Weak output may presage slower growth

The economy showed signs of downshifting as manufacturing cooled last month and consumer spending slowed in September, bolstering expectations of weak growth into early next year.

By SUDEEP REDDY, The Wall Street Journal November 2, 2007

The economy showed signs of downshifting as manufacturing cooled last month and consumer spending slowed in September, bolstering expectations of weak growth into early next year.Meanwhile, inflation remained flat in September, according to an inflation gauge that is closely watched by the Federal Reserve.

The latest survey by the Institute for Supply Management confirmed suggestions by the Fed this week that the economy would likely slow in the fourth quarter. Wednesday, the central bank lowered interest rates by a quarter percentage point.

Manufacturers “seem to have run out of our momentum at this point, as far as 2007 is concerned,” said Norbert Ore, chairman of the ISM’s manufacturing-survey committee.

The ISM’s index of manufacturing activity slipped to 50.9 last month from 52 in September. The measure, based on a survey of purchasing managers, put manufacturing growth at its slowest pace since March, reflecting high inventories and rising prices for some materials and supplies. Readings above 50 indicate an expansion in manufacturing activity. Production, a subset of the overall index, plunged after eight months of growth. Strike-related disruptions among auto makers might have been partly to blame, analysts suggested.

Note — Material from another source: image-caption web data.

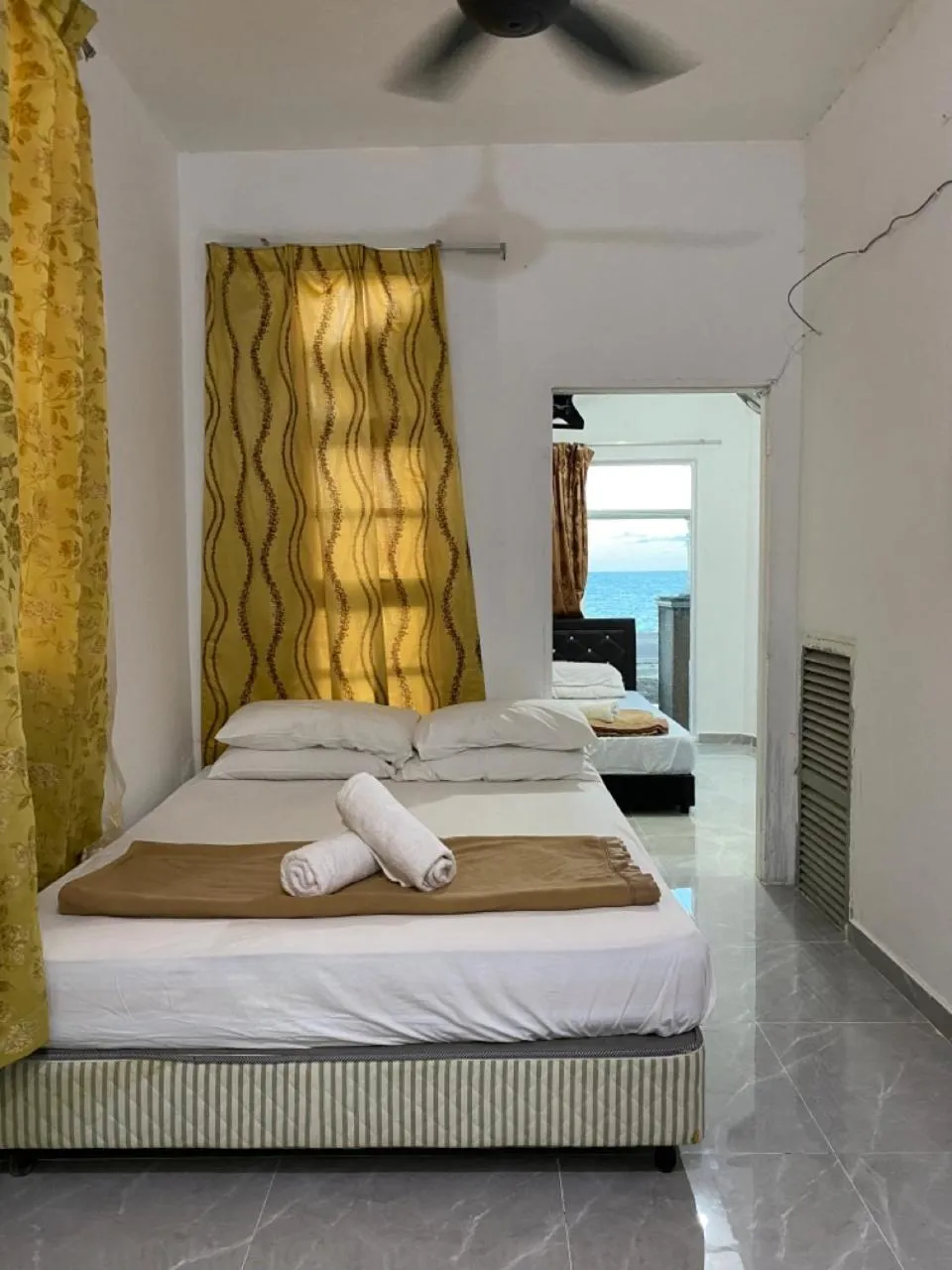 Bed in Raihan Beach Resort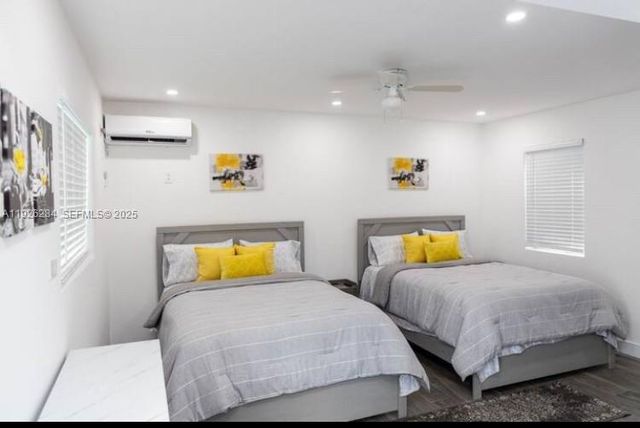 1352 NW 52nd St B, Miami, FL 33142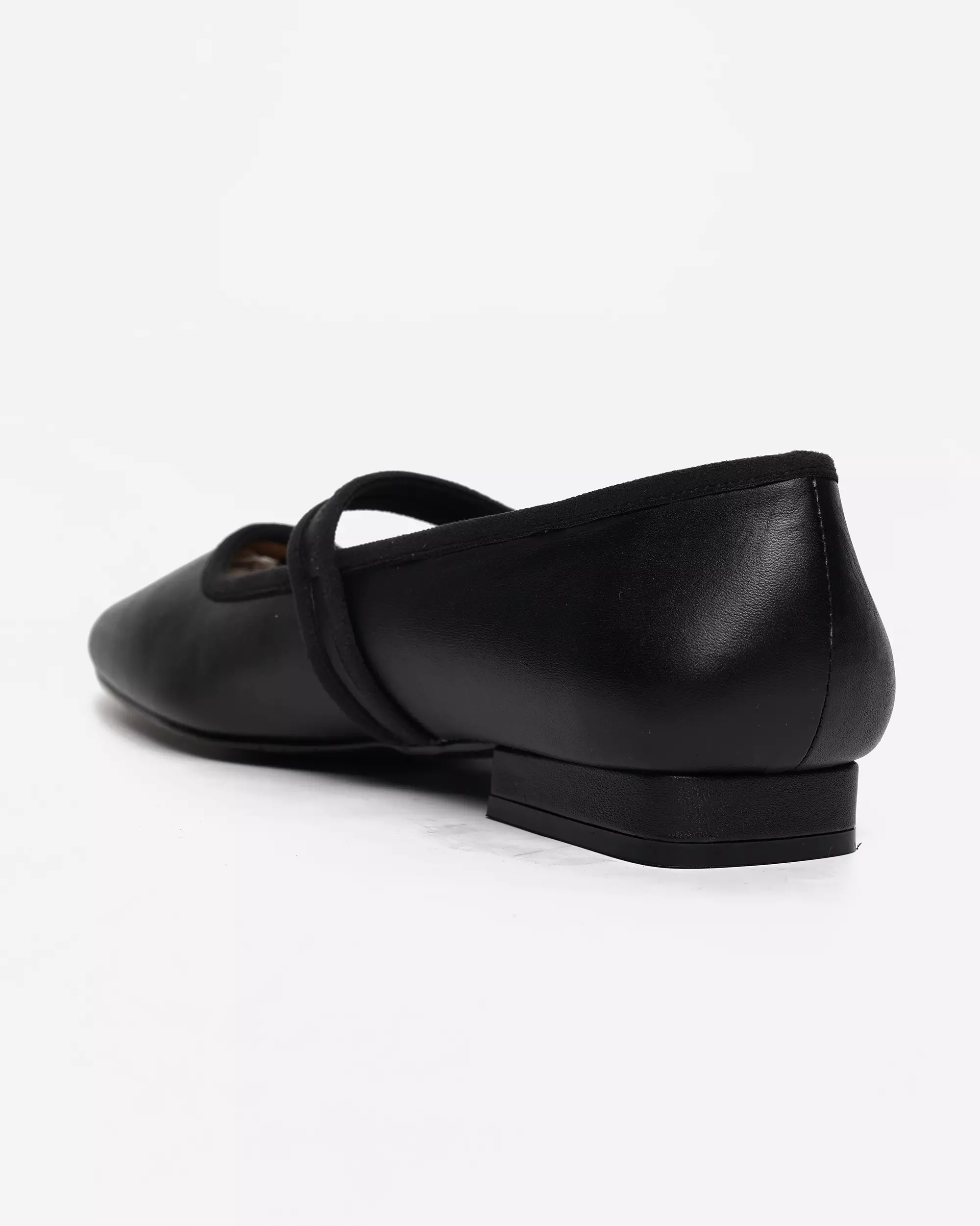 Buccheri Nika Flats Women Black
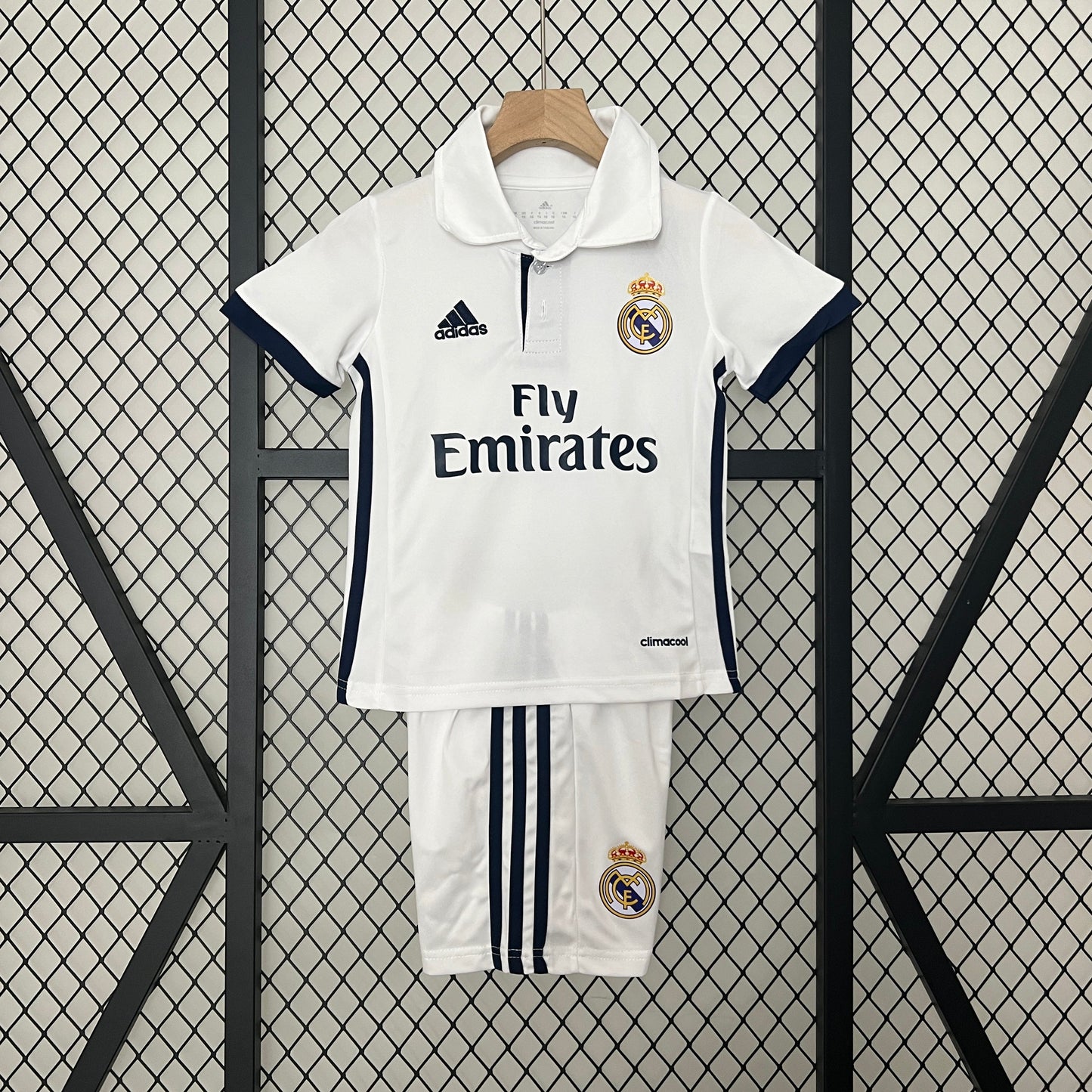 REAL MADRID I 16/17 KIT ENFANT (RÉTRO)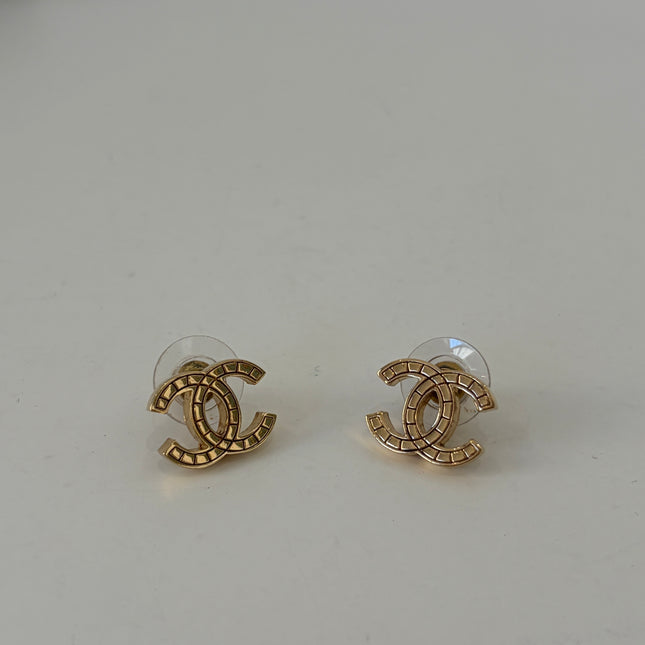 Puces d’oreilles Chanel CC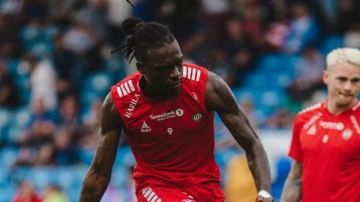 كامويش يخضع لفحص طبي بمستشفيات الجيزة قبل الانضمام لـ الأهلي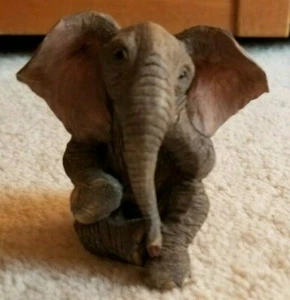 Melody Paw Prints by Goebel Elephant figurine - Picture 1 of 8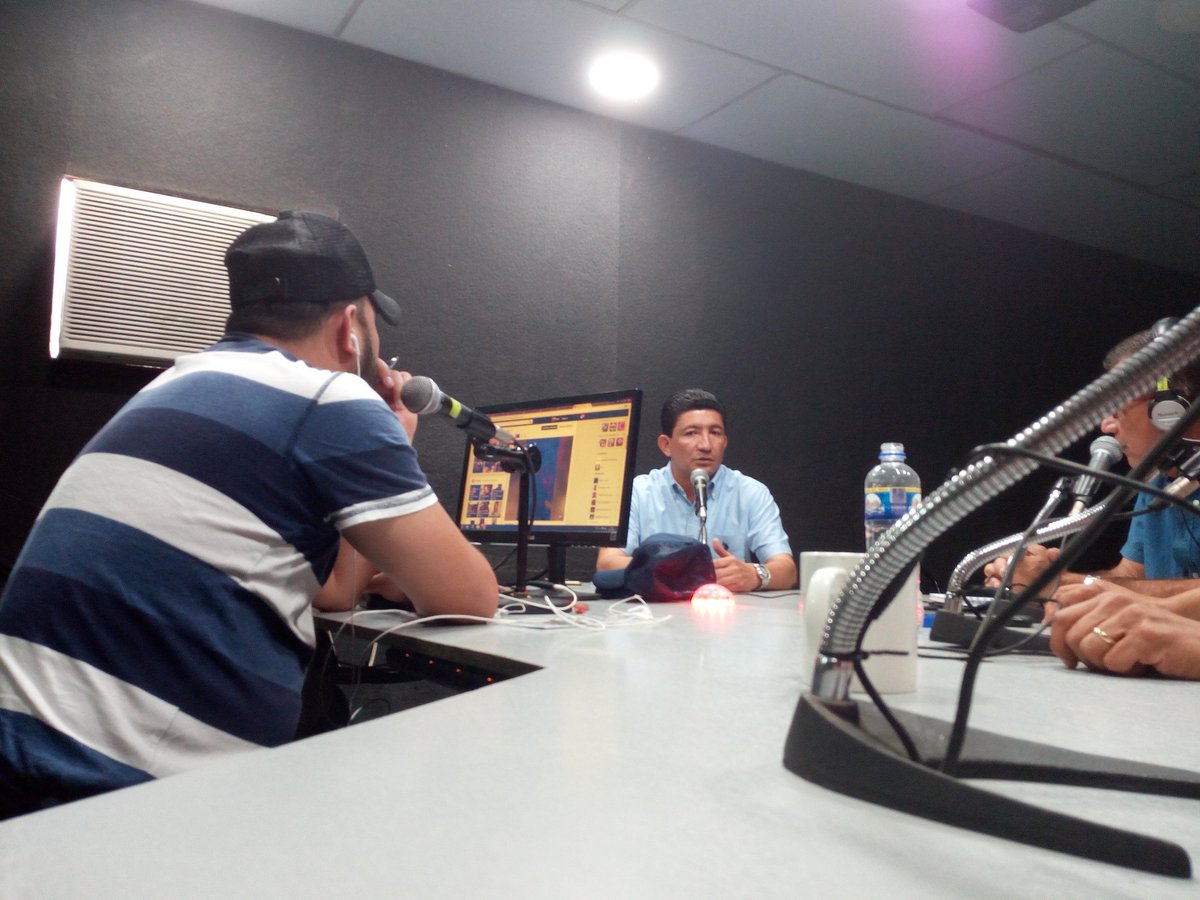 SERCOPec's tweet photo. .@henryarauz75: "Zonal 4 de @Educacion_Ec destinó $1 millón de dólares para compra de pupitres a emprendedores locales" @RadioCapital_fm https://t.co/ZvdwSPYpNG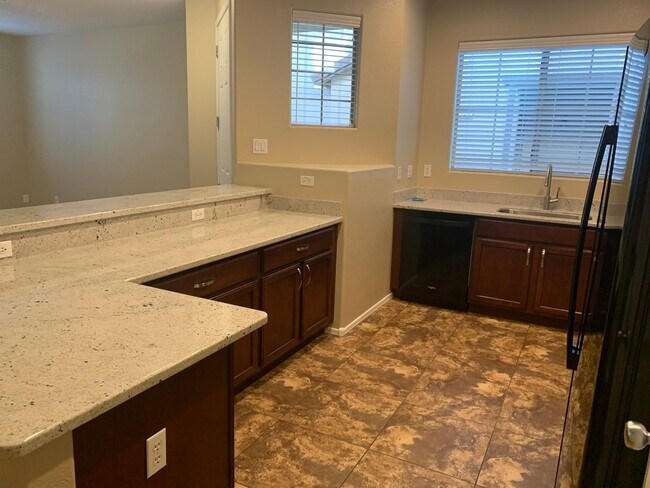 Building Photo - A gorgeous two story 3 bedroom 2.5 bath townhome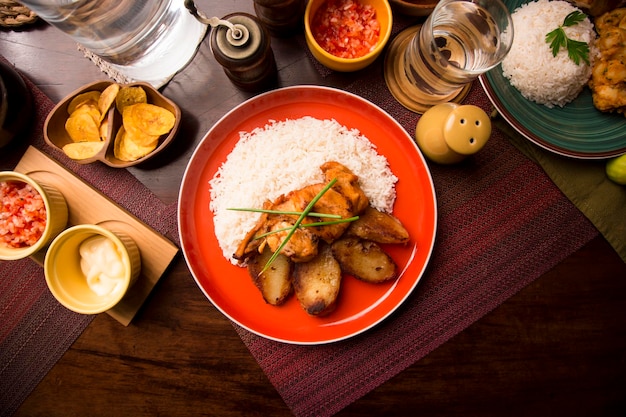 Porzione di cibo tradizionale peruviano con patate di pollo arrosto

Meanwhile, economic growth from abroad continues to prop up U.S. manufacturers. The ISM survey found export demand surging because of the weak dollar, while manufacturers’ imports fell for the first time in nearly six years. The ISM found that manufacturing employment edged higher in October, a positive signal. “You’re going to see very, very modest increases in manufacturing activity for a while,” said Morgan Stanley economist David Greenlaw.

Firms may be feeling early signs of inflationary pressures. Manufacturers indicated they paid more for materials such as oil and steel in October. That could presage higher prices for consumer goods. Inflation had remained tame through much of this year, giving Fed officials latitude to lower interest rates at their last two meetings.

In a separate report, the Department of Commerce said the price index for personal-consumption expenditures rose 0.2% in September after being unchanged in August. Compared with a year earlier, the index gained 2.4%; the August increase was 1.8%.

The Fed’s preferred inflation gauge — the “core prices” which exclude volatile food and energy prices — rose 0.2% in September after climbing 0.1% in August. Measured from a year earlier, core prices rose 1.8% in September, the same as in August. That puts inflation within the 1%-to-2% comfort zone of some Fed officials. The government said income rose 0.4% in September, the same as in August. Consumers showed signs of turning cautious, a potentially worrisome signal for the holiday shopping season. Consumer spending rose 0.3% in September — the slowest since June — after rising 0.5% in August.

Consumer spending may face more pressure if surging oil markets push prices higher at gasoline pumps. The threat to consumer outlays comes as a deepening housing downturn pressures household finances. Home foreclosures in the third quarter rose more than 30% from the second quarter to 446,700 properties nationwide, double the level of a year earlier, RealtyTrac Inc. said yesterday.

Separately, jobless claims edged lower last week, but a tick up in the trend suggests growth may remain sluggish. Initial claims for unemployment compensation fell 6,000 to a seasonally adjusted 327,000 last week, the Labor Department said. The four-week moving average for claims, an indication of the underlying strength of the job market, rose 1,750 to a six-month high of 327,000.